If Government opts not to make changes to the CEA, BC Hydro will need to embrace one or more of the supply options described in this paper, with the heaviest reliance on biomass and geothermal.
Geothermal has marked untapped potential, but the barriers to its inclusion in BC Hydro’s portfolio are strong. The use of the technology would be a first in Canada, and the associated costs are steep. More than likely, the financially workable path to geothermal development would involve two fundamental changes to current practice. First, BC Hydro’s procurement approach would need to change, to reflect the up-front risk of geothermal and its ability to deliver capacity as well as energy. Second, a broader commitment to large scale geothermal development would need to occur. This work would be challenging, but the option is there.

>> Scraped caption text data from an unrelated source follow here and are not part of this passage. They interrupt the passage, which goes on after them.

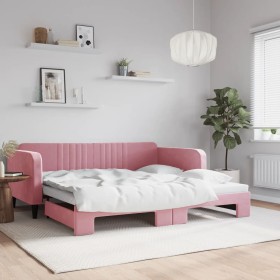 Pink velvet trundle sofa bed 100x200 cm by vidaXL, Beds and slatted bases - Ref: Foro24-3197073, Price: 305,99 €, Discount: %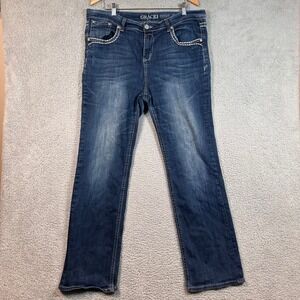 Grace in LA P Straight Women Blue Denim Jeans Size 19 Embroidered Pockets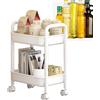 Generic Carrello - Carrello antiscivolo a 2 livelli | Carrello da cucina | Carrello multiuso con ruote | Carrello per trucco ad asciugatura rapida | carrello portaoggetti per camera da letto e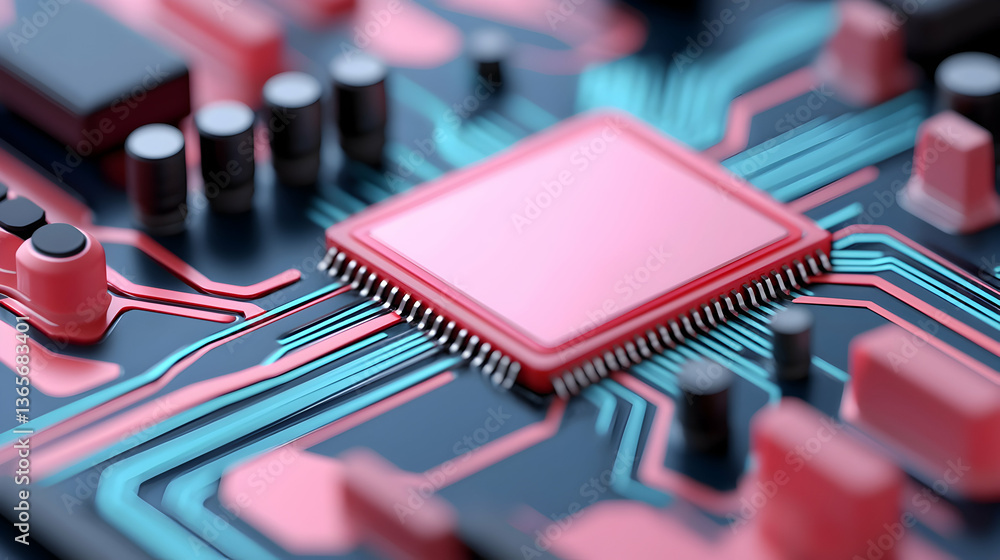 Poster close up of colorful circuit board with red microchip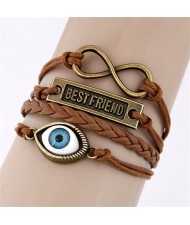 Evil Eye and Best Friend Plate Pendant Bracelet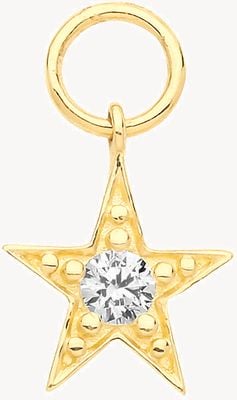 Treasure House 9ct Yellow Gold 5 Point Centre Cubic Zirconia Star Single Earring Charm EPN007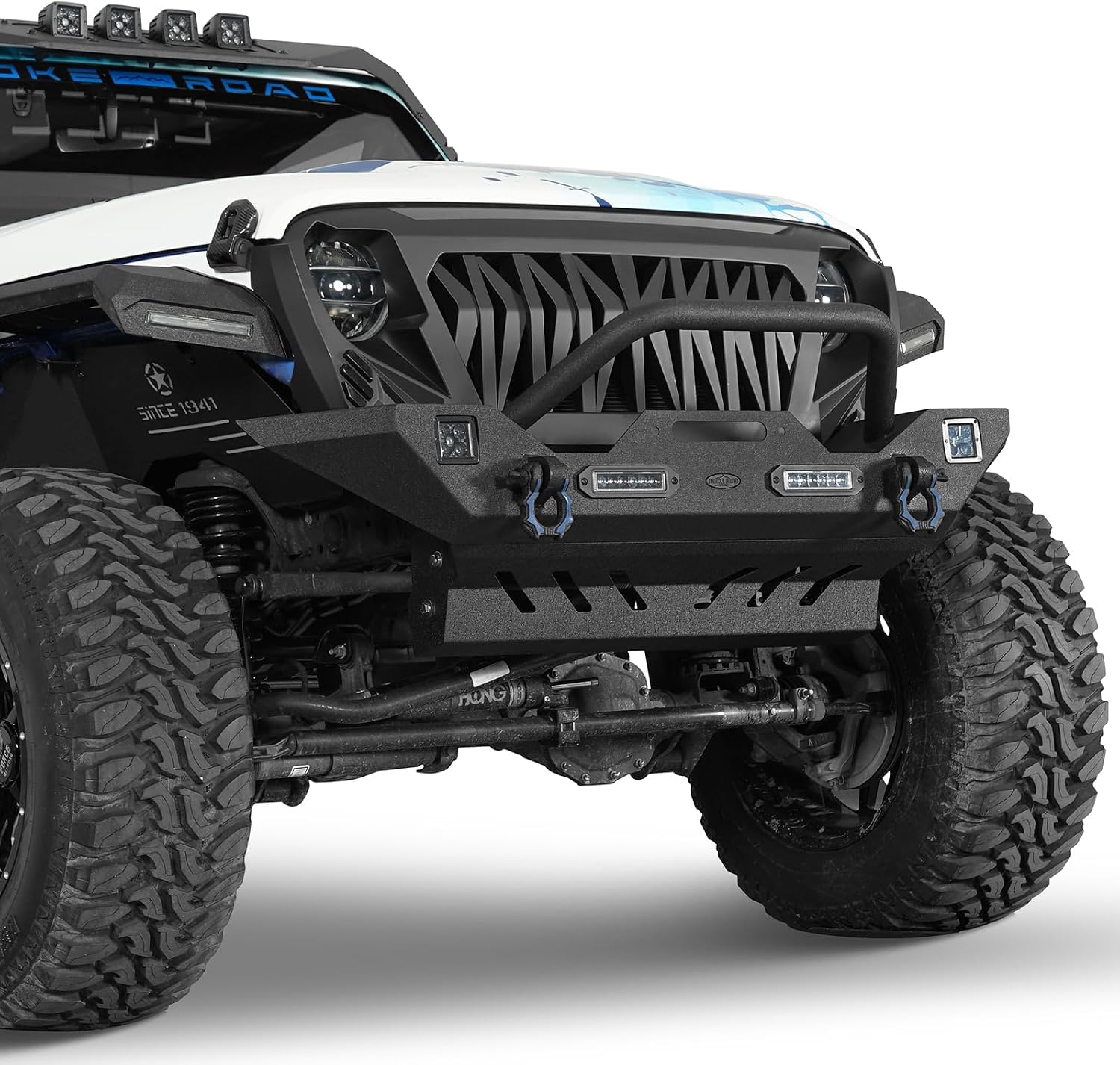 Hooke Road Steel Skid Plate Front Bumper Cover for 2018-2026 Jeep Wrangler JL & Gladiator JT, Offroad Lower Body Armor Guard, Only Compatible Different Trail Front Bumper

Biomass, conversely, already exists in the Province. The technology is not free of problems but its path to expanded implementation is much simpler than geothermal. Further, major steps could be taken to mitigate the issues with biomass. For example, deeper co-operation with industry and specifically forestry companies could work to negate the fuel supply issues associated with biomass. Incentivizing construction of more plants like the one in Mackenzie, for example, could be a model that is pursued. Minimizing risk would allow BC Hydro to focus on extracting biomass’ value: a clean, renewable source of both energy and capacity that works to eliminate BC Hydro’s pending capacity shortfall while being compatible with Government’s environmental goals.